Sunday, May 15, 2005

OnL goes POP



the Brit-sounding boys from Bulacan are back with a new album.

i'm a big fan of Orange and Lemons. i've seen them perform a couple of times and i've already brought a lot of people to their gigs as well and they are very much convinced of the band's great talent. when i first heard the song, she's leaving home from their first album Love in the Land of Rubber Shoes and Dirty Ice Cream, i actually thought they were a foreign act. imagine my surprise when the DJ said that they hailed from Bulacan. that's near here!

the band's venture into pop can either make or break them, but for loyal fans, like me, it doesn't really matter. of course, there's the initial selfishness ("i heard about them first!") that comes with it, but i am very happy that the band can finally share their music to a greater audience. the carrier single Hanggang Kailan is fantastic, although Beatles-like and its rift sounds so close to Placebo's Hang On To Your IQ.

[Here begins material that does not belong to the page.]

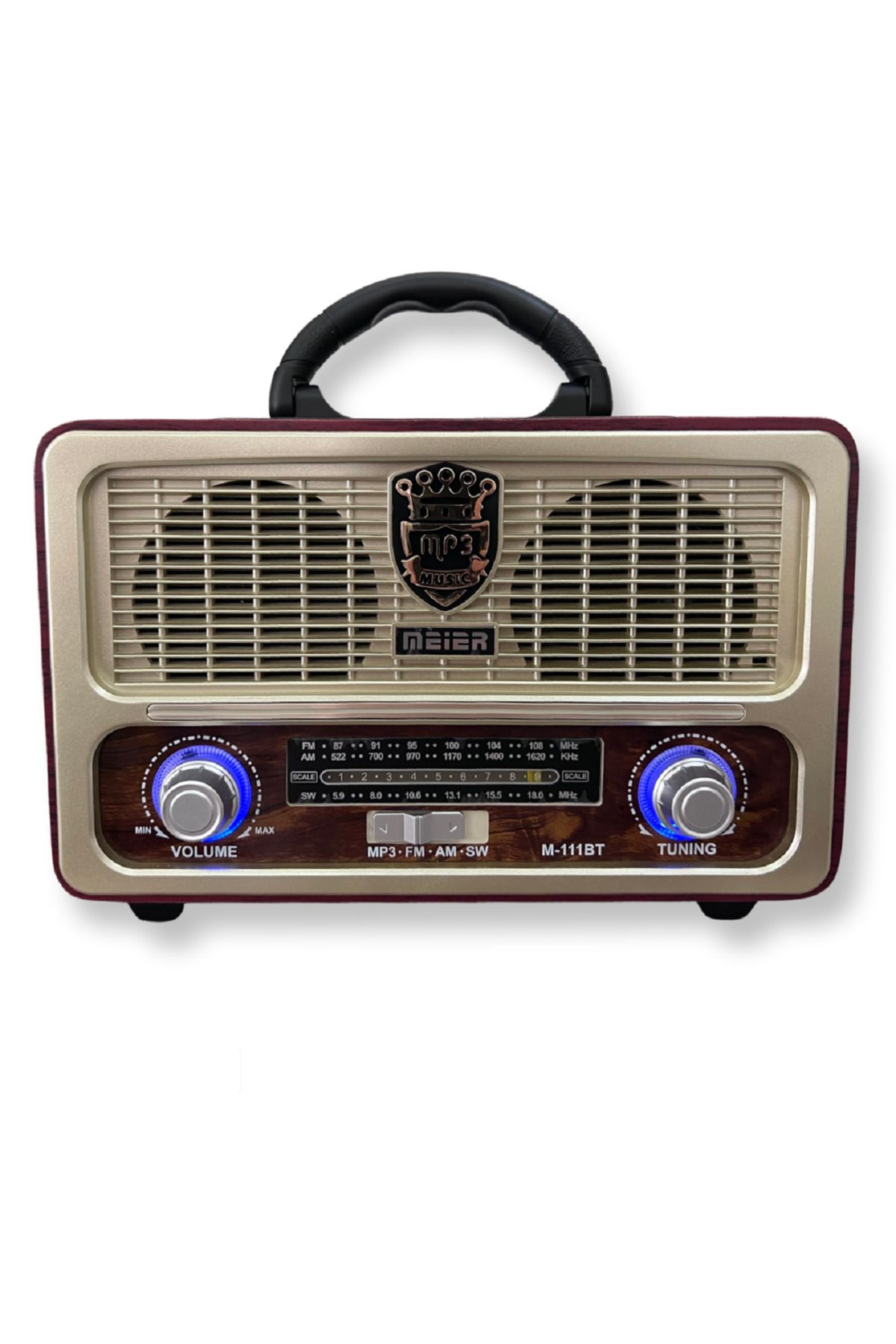 Nostalji Radio Ahşap Görünümlü Kumandalı Bluetooth-usb-sd Kart Fişli, Şarjlı, Pilli  Radyo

just for the record, i'm not really good at reviewing movies, music. if i like it, i just say it's great, watch/buy/listen to it. i'm not really great with words in that aspect.

so what are you waiting for? watch their gigs! buy their albums! listen to their music!

Friday, May 13, 2005

in dire need of happy pills

i once read that in order to suppress depression, for the really desperate, it would cost you P150 a pop. while i don't really consider myself that despondent, the thought of taking an anti-depressant has crossed my mind a great number of times. it's funny because, when i was younger, like grade six, i thought about suicide by means of wrist-slashing because i didn't want to do drugs.

i saw jake's updated photos on his friendster account and the new ones show him and the girlfriend. i did not feel jealousy, i did not get hurt. i felt envy. he has somebody that he's been with for like, forever and i don't. come to think of it, i have stated in this page a great number of times that i think forever has an expiration date. i still think that way, but i at least need someone to be with to try to keep forever from expiring. i don't have that. i am such a pathetic little twit.

i can't study. i hardly have time to sleep. my father thinks i'm too fat, too stupid, too weak. i don't get to make any integrated sale. my crush doesn't know i exist. THESE ARE ALL TRIVIAL THINGS. but they seem to bother everyone else so i guess i am no different. i just have to deal with it my own way. i write about my feelings. it doesn't really change anything, it just makes it less painful.

so where can i get those pills again?

Thursday, May 12, 2005

not funny

my friend told me that my crush's crush is my teammate. i tell this story on the way home last saturday to pepsi, mommy S, toni, mommy S's partner and al. then pepsi says that the reason why my crush stands up while he's taking calls is because he's (my crush) checking him (pepsi) out. guffaw.

pepsi is currently suspended right now, and s/he is about to resign on the 15th anyway, which is kinda stupid, don't you think? anyway, since my racf has been terminated again for the third day already (this happened yesterday), i was helping my sup, emon, out and i stayed in his desk every so often. crush asks his sup friend where pepsi is. he asks me where pepsi is.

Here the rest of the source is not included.